Kim knows the difference, one might say, between law and justice, and she will bend every professional code and even, albeit to her seeming displeasure, sanction crimes like Mr. X's b-and-e if it it gives her the inside hook. But there's a pleasure in it for her as well. Is she disgusted with how low X, and by extension, she has gone? Or is she at some level indulging in it, demanding the details to see just how far she has gone and will go? It's Jimmy, after all, not Kim, who suggests earlier that Kim has given Acker "more than he deserves" and then ushers X out quickly when he suggests a kidnapping and interrogation as the next step. Kim's big move is to look through all of X's photographs, notice the horse imagery, and get a broad grin on her face, new plans brewing away.

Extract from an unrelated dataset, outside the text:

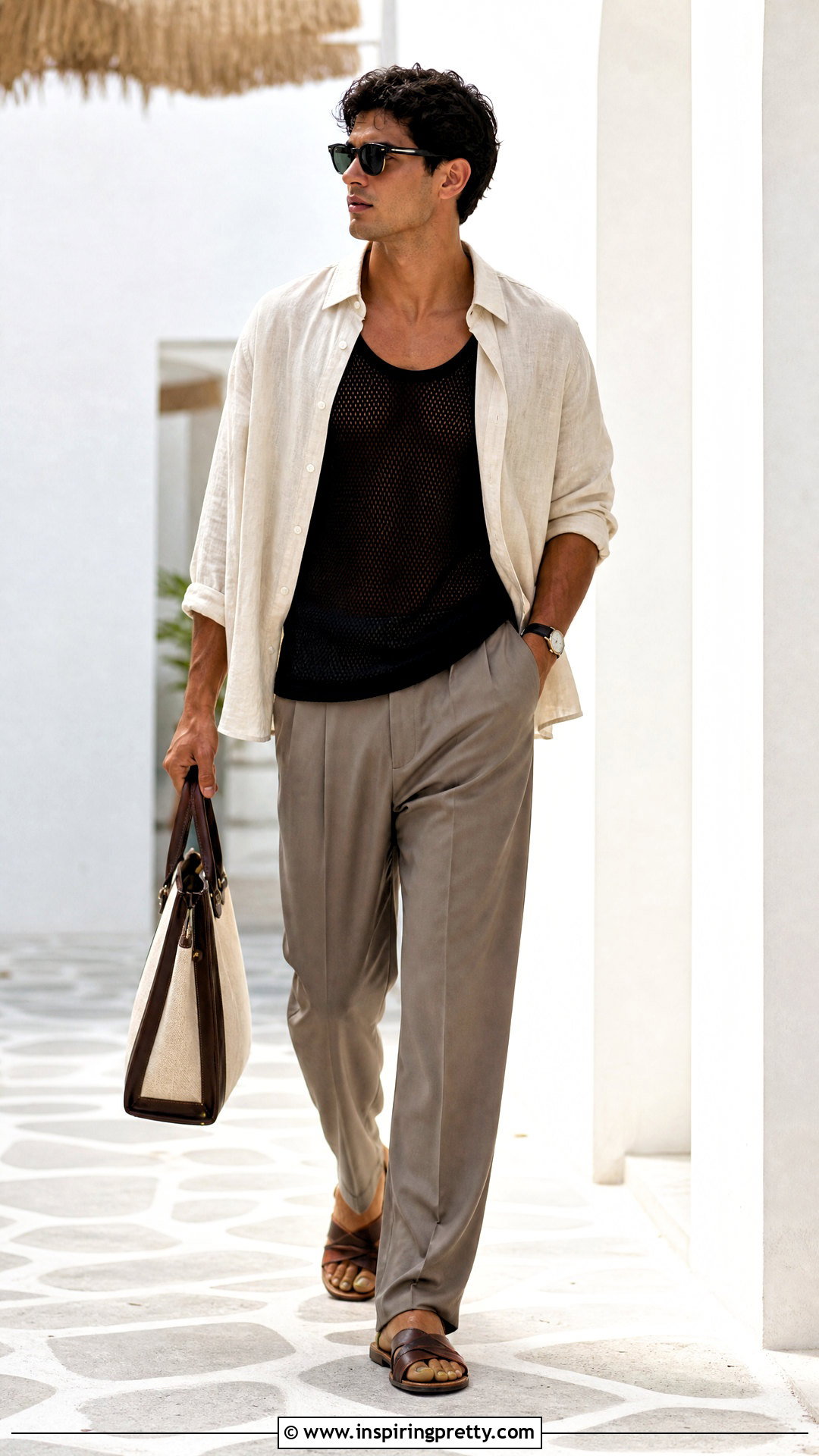 Sheer Tank Top Under An Open Shirt - 25 Sheer Tank Top Men outfit ideas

Was that how she felt when she and Jimmy scammed a city clerk to illicitly gain approval for a bigger building for Mesa Verde somewhere else a couple of seasons ago? Or when she helped Jimmy keep Huell out of jail? For Kim, the scam and the deception -- and doubling down on it, as she does later with Schweikert -- is becoming a hit of righteousness, a proof that she is who she wants to be, not who she is, and that this will, indeed, balance the scales.

Why water? Because containing it is, in the long run, impossible: it will rot at the wood, wear down the stone, rust through the pipes, and find every way through and out around. Like revenge, like righteousness, like desire, it works its way and finds its own level, and distorts the vision of those who see the world through it.
posted by kewb at 6:34 PM on March 17, 2020 [16 favorites]


"Mr. X" is Sobchak from S1's "Pimento", or at least he's played by the same actor, Steven Ogg. It's kind of funny that, given his earlier incompetence as a badass (at least compared to Mike, although most people would be), he actually has some competence as a B&E guy.
posted by Halloween Jack at 9:00 PM on March 17, 2020 [6 favorites]


I’m pretty sure Kim knows that Jimmy and Mr. X were playing her to get her to back down, but I still want to know what she saw in that statue photograph!
posted by iamkimiam at 11:17 PM on March 17, 2020


I also think that for whatever she does with that photo, the way she obtained it is going to become pretty relevant. Good thing she asked, but it felt a little forced, for plot reasons.
posted by iamkimiam at 12:50 AM on March 18, 2020 [1 favorite]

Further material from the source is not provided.